For Kevlar and PBO, Aramid Rigging has created special end fittings for certain applications to help reduce the problems with uneven loading of terminal ends. The fibers are machine-wrapped around a lightweight circular bushing or thimble, and the assembly is encased in a flexible housing. Innovative thinking is getting higher-performance fiber into a wide array of uses.
Aboard voyaging boats, the means of attaching rigging to the deck and to blocks is increasingly with lashings and loops made out of high-modulus fibers. About a year ago, Yale Cordage came out with a product they call Loups. Made from Dyneema, Loups can be used to replace stainless-steel shackles in most applications. A stainless-steel shackle can weigh as much as 11 times more than a Loups in the same application, while the Loups retains the same strength and reliability. To ensure equal loading of all parts in the Loups and increase the efficiency of the Dyneema itself, Yale has developed a proprietary steam heating and loading system. Using this system ensures maximum performance and longevity of the structure.
Visually the loops and lashings appear like a high-tech throwback to an earlier era. Turnbuckles and shackles are vanishing, and lashings and whippings are returning. In some cases the lashings connect carbon-fiber chain plates to high-modulus standing rigging. Hydraulic rams are used to pump down the shrouds while lashings are adjusted and readjusted, and then the hydraulic rams are removed and stored for later use. The lashings are often Vectran or Spectra, which tend to perform better in tight radiuses due to a characteristic to creep slightly.
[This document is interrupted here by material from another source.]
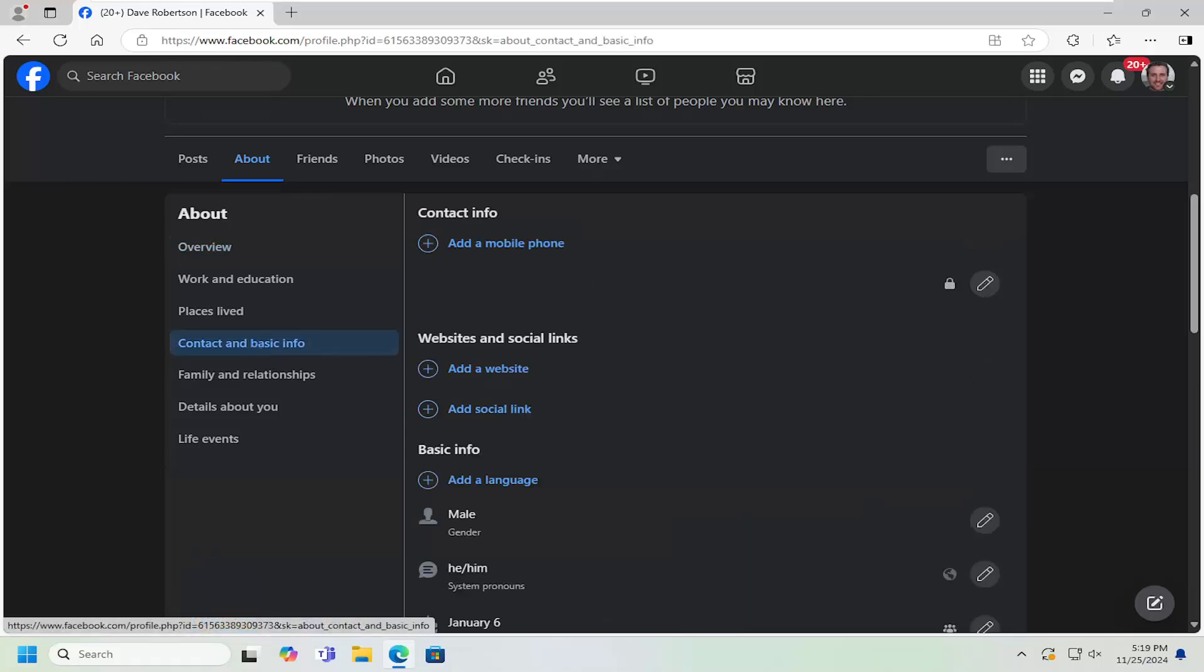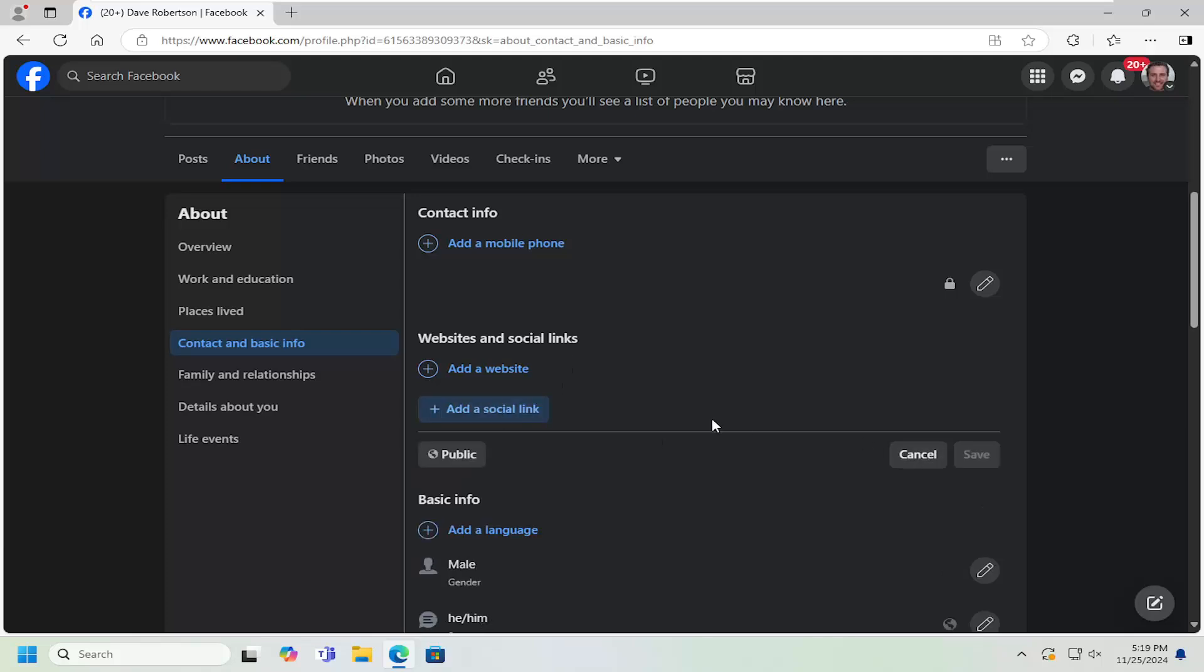And now on the right side, underneath Websites and Social Links, select the Add a Social Link button.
The voyaging sailor should keep in mind the overall inventory, however, before using high-tensile-strength running rigging and sails. The equipment aboard a sailboat should be matched to the task and to each other. A cruiser who has Dacron sails need not spend the money on high-tensile-strength sheets to reduce the stretch in the line. The sails will stretch to a certain degree, and the line should probably be matched to the sail. In that case, a prestretched polyester sheet would probably be a more cost-effective solution. When considering the option of outfitting a cruising boat with Spectra sails and sheets and a Vectran halyard, give thought to the hardware that supports all of these high-tensile pieces of equipment. Will the sheet lead cars and tracks as well as the foot blocks and masthead sheaves be up to the task and take the surge loading caused by puffs of wind or going over waves? When puffs fill the sails, and the running rigging and sails refuse to budge, make sure that the hardware is sufficiently strong and well-secured to carry the loads.
The key to using the high-modulus lines successfully is in understanding the characteristics of the fibers and having the various elements work in harmony. Apply the correct set of characteristics to the rigging task at hand, properly maintain the lines, and check them frequently for chafe, wear or other causes of fiber breakdown. The results will be stronger, longer lasting, lighter rigging with less windage and fewer breakdowns. With your peace of mind at stake, you’ll be glad to know that things are held together with much more than a mere piece of string.
Bill Biewenga is a record-breaking offshore sailor and navigator, freelance writer and weather-routing specialist.